Cardiac catheterization, usually performed in older children to evaluate pulmonary vascular resistance, reveals a left-to-right shunt at the level of the pulmonary artery, as well as hyperkinetic pulmonary hypertension, because the defect is almost always large. Selective aortography with injection of contrast medium into the ascending aorta demonstrates the lesion, and manipulation of the catheter from the main pulmonary artery directly to the ascending aorta is also diagnostic.
An aortopulmonary window defect is surgically corrected during infancy. If surgery is not carried out in infancy, survivors carry the risk of progressive pulmonary vascular obstructive disease, similar to that of other patients who have large intracardiac or great vessel communications.
Coronary Artery Fistula
Daniel Bernstein
A congenital fistula may exist between a coronary artery and an atrium, ventricle (especially the right), or pulmonary artery. Sometimes, multiple fistulas exist. Regardless of the recipient chamber, the clinical signs are similar to those of PDA, although the machinery-like murmur may be more diffuse. If the flow is substantial, the involved coronary artery may be dilated or aneurysmal. The anatomic abnormality is usually demonstrable by color flow Doppler echocardiography and, during catheterization, by contrast injection into the ascending aorta. Small fistulas may be hemodynamically insignificant and may even close spontaneously. If the shunt is large, treatment consists of either transcatheter coil embolization or, for lesions not amenable to catheter intervention, surgical closure of the fistula.

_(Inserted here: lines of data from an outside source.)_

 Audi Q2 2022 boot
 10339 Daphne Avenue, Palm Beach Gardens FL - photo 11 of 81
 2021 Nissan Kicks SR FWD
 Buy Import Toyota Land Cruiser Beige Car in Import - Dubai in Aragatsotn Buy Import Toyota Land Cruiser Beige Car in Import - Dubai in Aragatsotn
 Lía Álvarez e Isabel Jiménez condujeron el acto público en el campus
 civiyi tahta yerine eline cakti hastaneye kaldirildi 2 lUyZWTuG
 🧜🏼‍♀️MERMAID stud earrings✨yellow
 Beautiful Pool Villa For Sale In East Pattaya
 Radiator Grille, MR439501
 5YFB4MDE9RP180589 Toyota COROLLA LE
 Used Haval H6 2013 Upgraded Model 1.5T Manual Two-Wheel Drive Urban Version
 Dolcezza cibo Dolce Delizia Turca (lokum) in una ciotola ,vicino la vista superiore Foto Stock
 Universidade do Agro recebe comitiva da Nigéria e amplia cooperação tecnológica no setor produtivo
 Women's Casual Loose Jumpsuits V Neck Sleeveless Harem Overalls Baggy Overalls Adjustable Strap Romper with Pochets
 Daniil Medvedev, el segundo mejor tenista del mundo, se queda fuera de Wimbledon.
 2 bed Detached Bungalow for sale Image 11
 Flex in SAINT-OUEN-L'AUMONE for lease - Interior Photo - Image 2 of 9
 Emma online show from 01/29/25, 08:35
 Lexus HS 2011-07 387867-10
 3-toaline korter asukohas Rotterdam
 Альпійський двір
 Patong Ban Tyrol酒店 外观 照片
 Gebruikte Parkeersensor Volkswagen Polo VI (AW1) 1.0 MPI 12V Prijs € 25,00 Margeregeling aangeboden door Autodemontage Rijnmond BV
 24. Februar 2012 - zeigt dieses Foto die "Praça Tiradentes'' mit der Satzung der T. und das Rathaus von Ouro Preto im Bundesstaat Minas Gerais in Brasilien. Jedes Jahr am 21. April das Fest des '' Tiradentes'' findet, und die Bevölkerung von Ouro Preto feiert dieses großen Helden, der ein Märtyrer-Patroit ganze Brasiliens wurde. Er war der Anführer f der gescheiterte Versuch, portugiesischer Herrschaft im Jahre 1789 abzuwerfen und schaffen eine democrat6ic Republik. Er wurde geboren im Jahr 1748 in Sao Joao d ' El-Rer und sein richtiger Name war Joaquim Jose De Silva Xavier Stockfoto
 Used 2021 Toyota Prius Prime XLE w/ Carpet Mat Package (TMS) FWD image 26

Ruptured Sinus of Valsalva Aneurysm
Daniel Bernstein
When one of the sinuses of Valsalva of the aorta is weakened by congenital or acquired disease, an aneurysm may form and eventually rupture, usually into the right atrium or ventricle. This condition is extremely rare in childhood. The onset is usually sudden. The diagnosis should be suspected in a patient in whom symptoms of acute heart failure develop in association with a new, loud, to-and-fro murmur. Color Doppler echocardiography and cardiac catheterization demonstrate the left-to-right shunt at the atrial or ventricular level. Urgent surgical repair is generally required. This condition is often associated with infective endocarditis of the aortic valve.